Ti­tel­blatt der Ju­den-Bro­schü­re von 1869 – Vor­la­ge: Wi­ki­me­dia Com­mons © Foto H.-P. Haack

Der Li­te­ra­tur- und Me­di­en­wis­sen­schaft­ler Jo­chen Hö­risch war bis 2018 Pro­fes­sor für Neue­re deut­sche Li­te­ra­tur und qua­li­ta­ti­ve Me­di­en­ana­ly­se an der Uni­ver­si­tät Mann­heim. Ne­ben vie­len Gast­pro­fes­su­ren, dar­un­ter in Pa­ris, St. Gal­len und an der Prince­ton Uni­ver­si­ty, hielt er Vor­trä­ge auf der gan­zen Welt. Er ist Mit­glied der Aka­de­mie für Wis­sen­schaf­ten und Küns­te in Salz­burg, der Frei­en Aka­de­mie der Küns­te in Mann­heim und der Frei­en Aka­de­mie der Küns­te in Ham­burg. Hö­risch hat zahl­rei­che Bü­cher zu kul­tur- und me­di­en­ana­ly­ti­schen The­men ver­fasst.

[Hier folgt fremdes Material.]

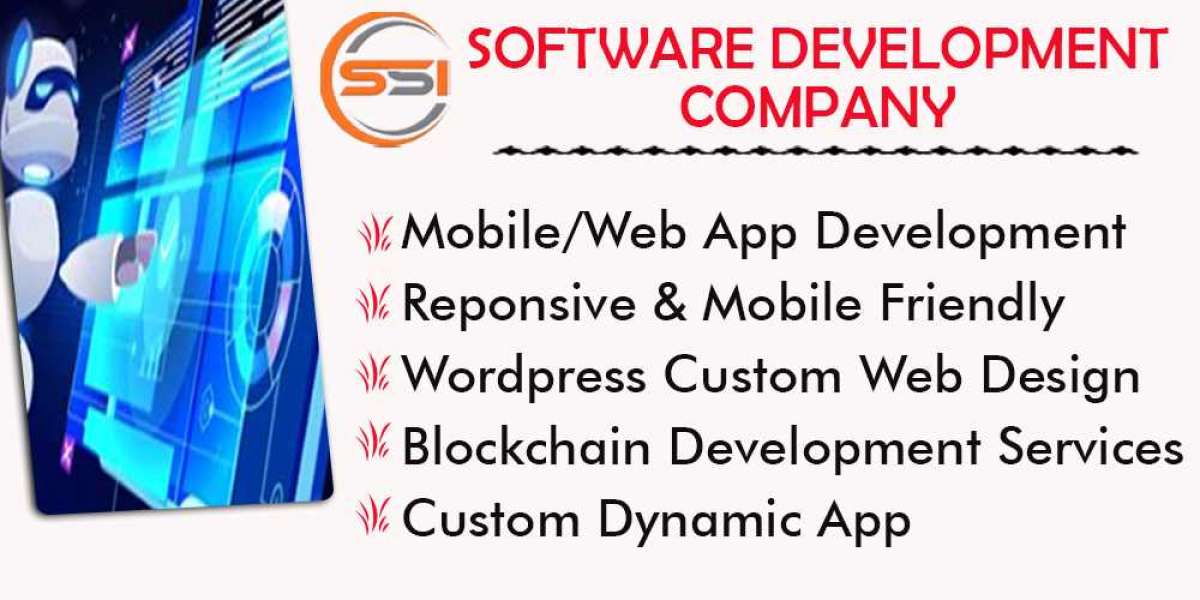 Synergy Soft India (SSI) Softwaredevelopment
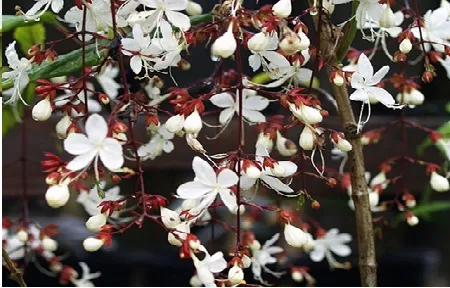 Vẻ đẹp kiêu kỳ của chuỗi hoa dạ ngọc minh châu nở rộ dịp Tết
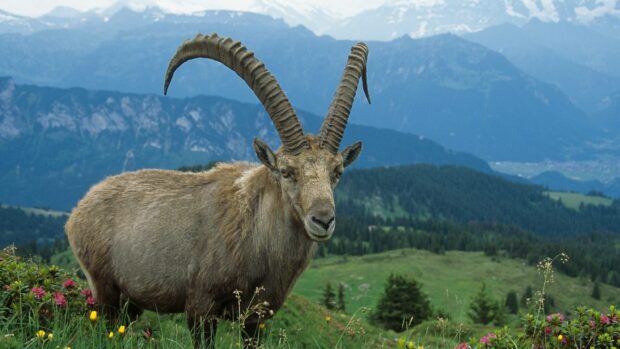 A wild goat with large curved horns standing in a green mountain meadow surrounded by colorful flowers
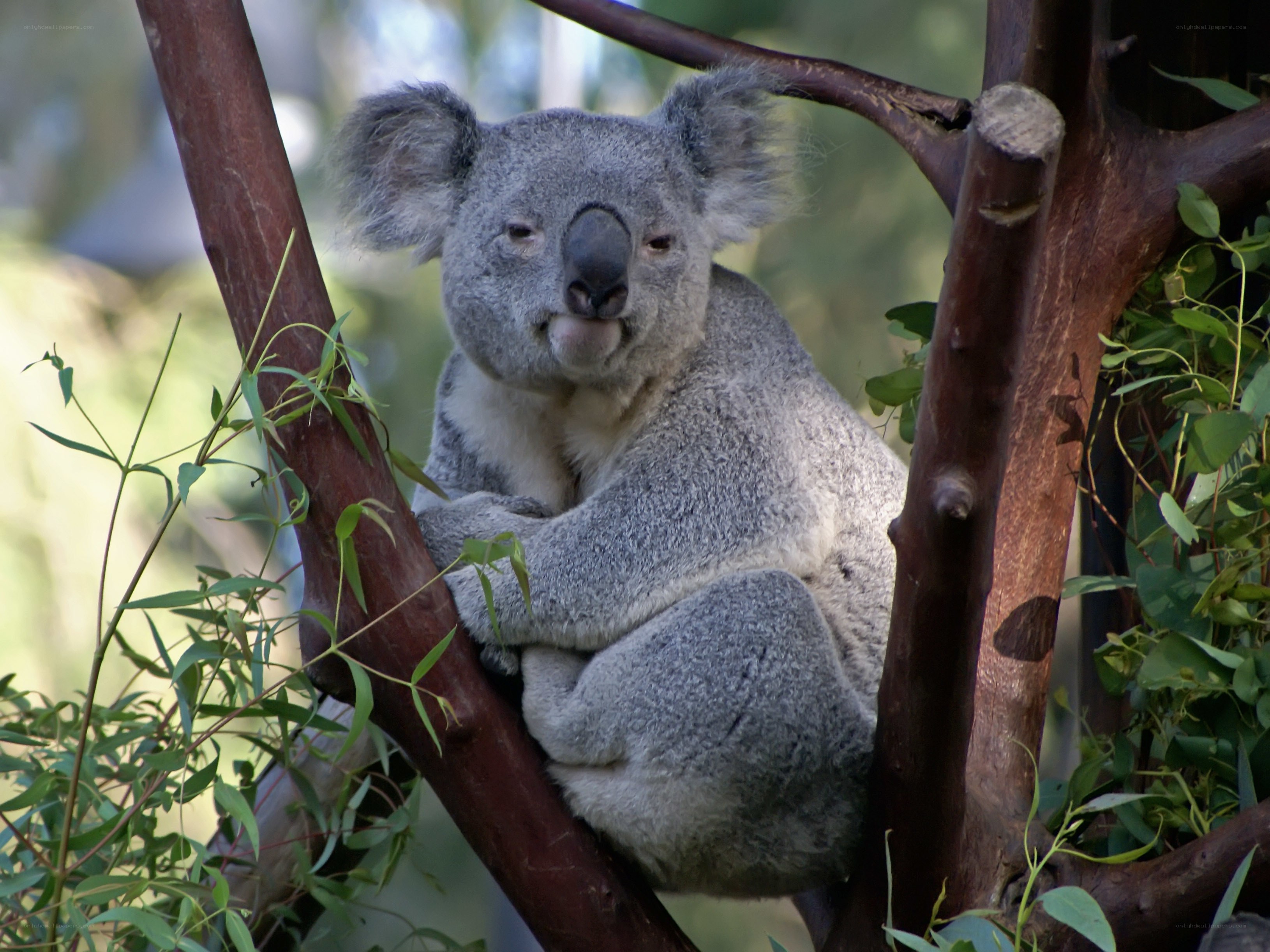 koala in a tree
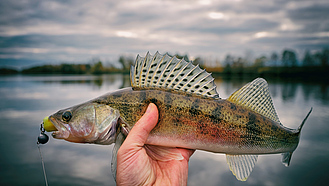 Hand hält toten Zander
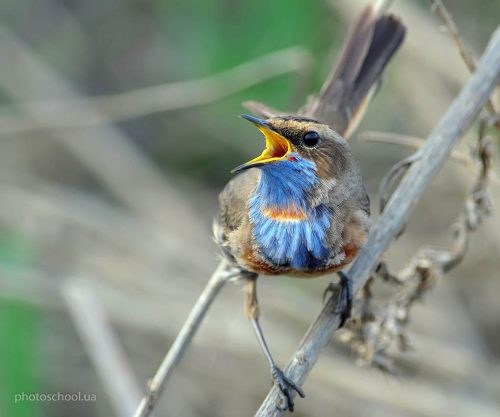 Wildlife фотография Игоря Червоненко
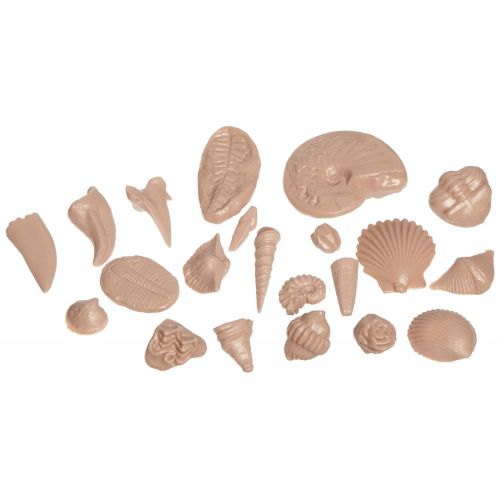  American Educational Products American Educational Earth History 21 Fossils Reproduction Model (Set of 5)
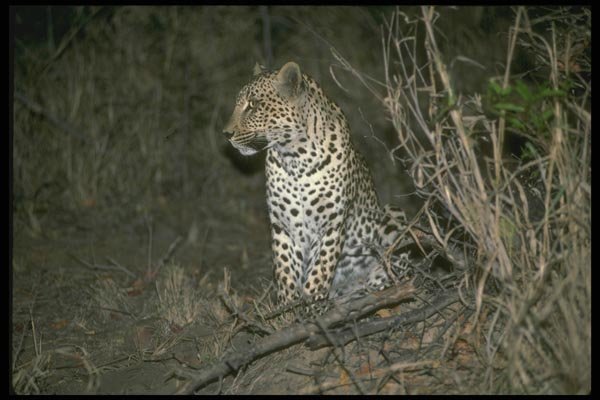 134056 Leopard At Night A4 Photo Print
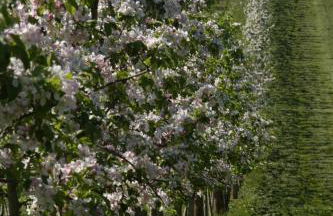 Ferienhof Hopfgärtle Müller - Foto 12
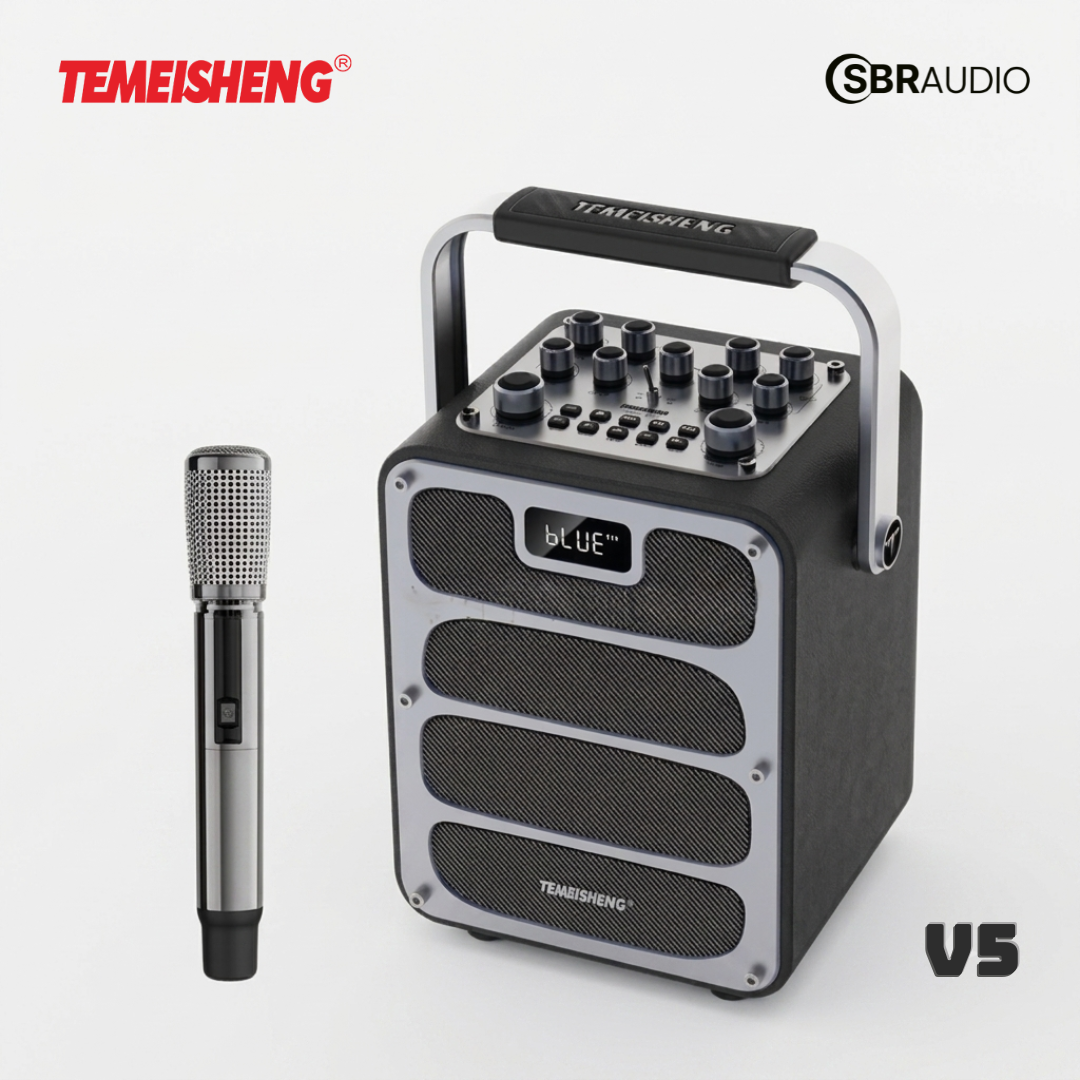 Temeisheng V5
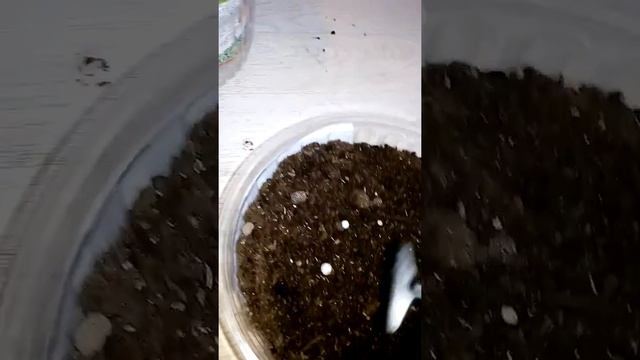 Сажаем расадным способом цветы Цинерария серебряный кораблик смотреть онлайн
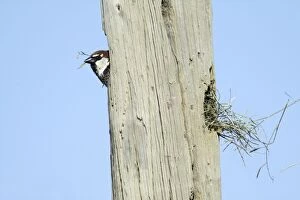 Spanish Sparrow - male emerging from nest in telegraph pole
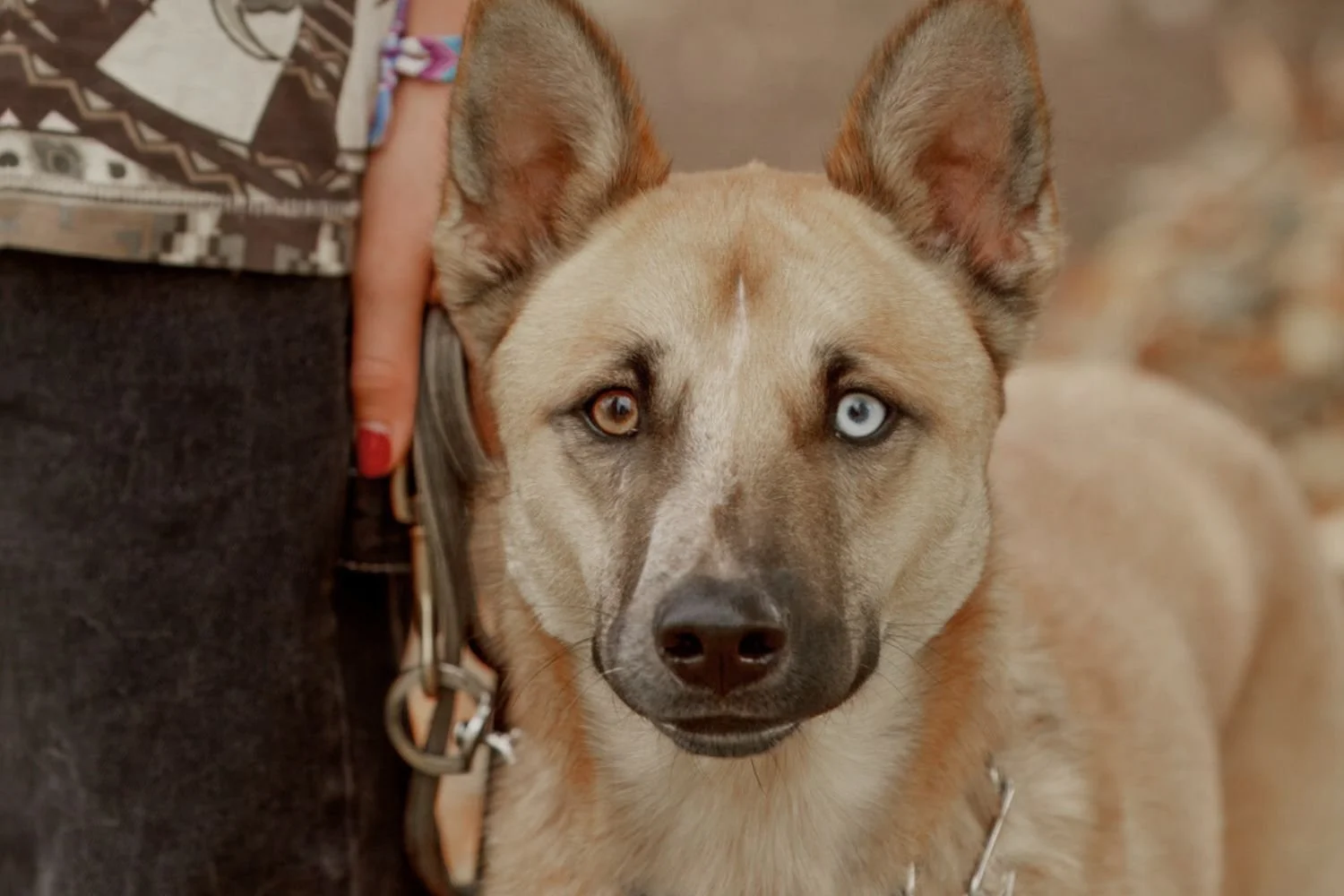 Overwhelmed dog training Meridian Idaho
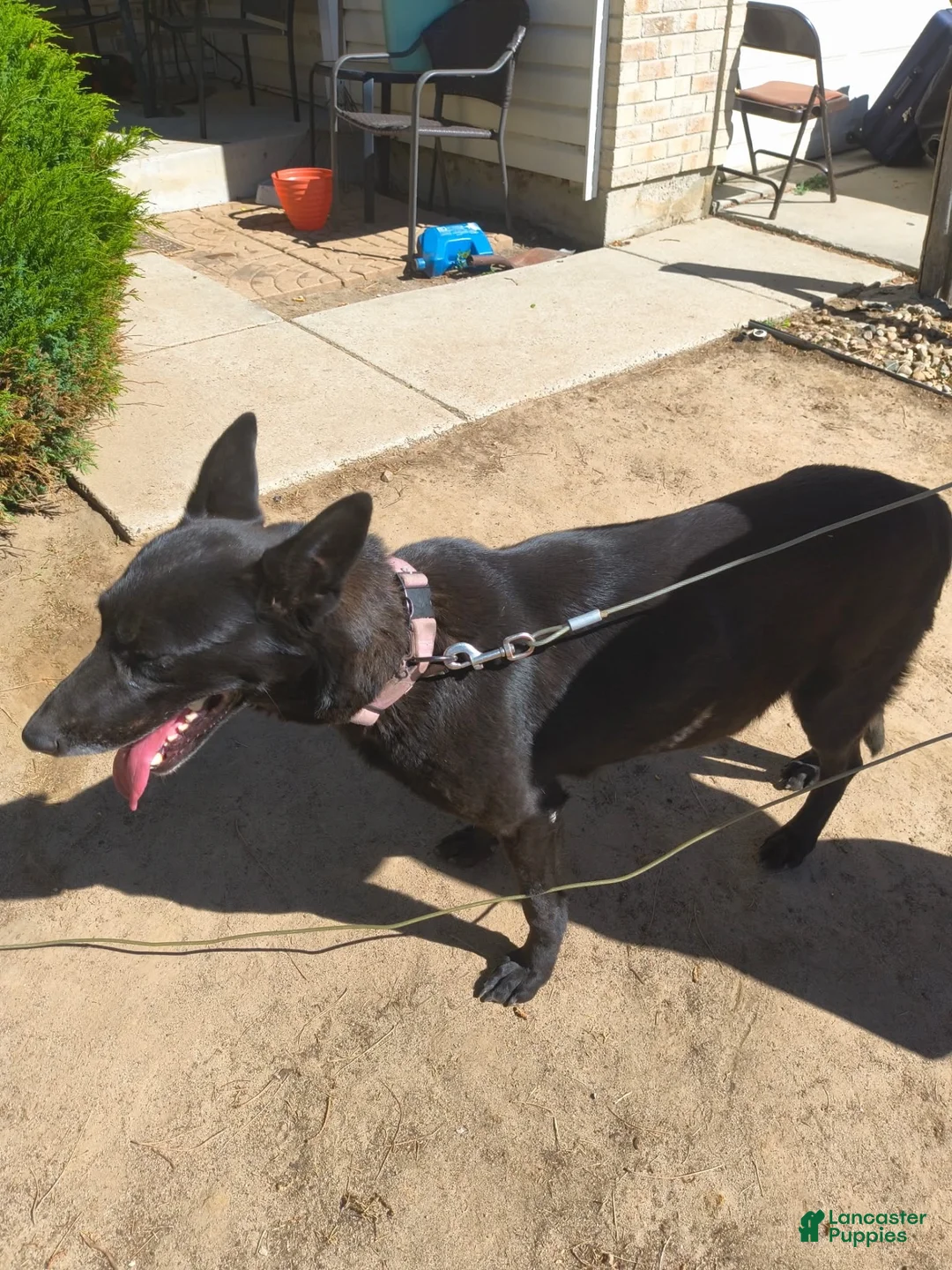 Mixed Breed dogs for sale: Girl 1 - Ad 2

Es geht ihm im­mer wie­der um das „Ver­ste­hen“ je­der Art von Me­di­en – wozu die klas­si­schen Buch­tex­te wie die Me­di­en ge­hö­ren, das Thea­ter ge­nau­so wie mu­si­ka­li­sche The­men. Über sein 2015 ver­öf­fent­lich­tes Buch „Wei­bes Won­ne und Wert: Ri­chard Wag­ners Theo­rie-Thea­ter“ schrieb Frank Piontek: „Jo­chen Hö­risch ist der fleisch­ge­wor­de­ne Glücks­fall ei­nes thea­ter­af­fi­nen Pro­fes­sors, der sei­ne un­ge­heu­re Bil­dung, Dis­kurs­be­reit­schaft und Theo­rie­be­schla­gen­heit nicht in un­les­ba­ren, son­dern in geist­rei­chen Trak­ta­ten in eine Öf­fent­lich­keit zu brin­gen pflegt, die sich auf me­dia­le Ver­net­zun­gen ver­steht.“ 2019 war er erst­mals zu Gast beim RWV Bam­berg mit sei­nem Vor­trag „Won­ne – Wag­ners Lieblingswort“.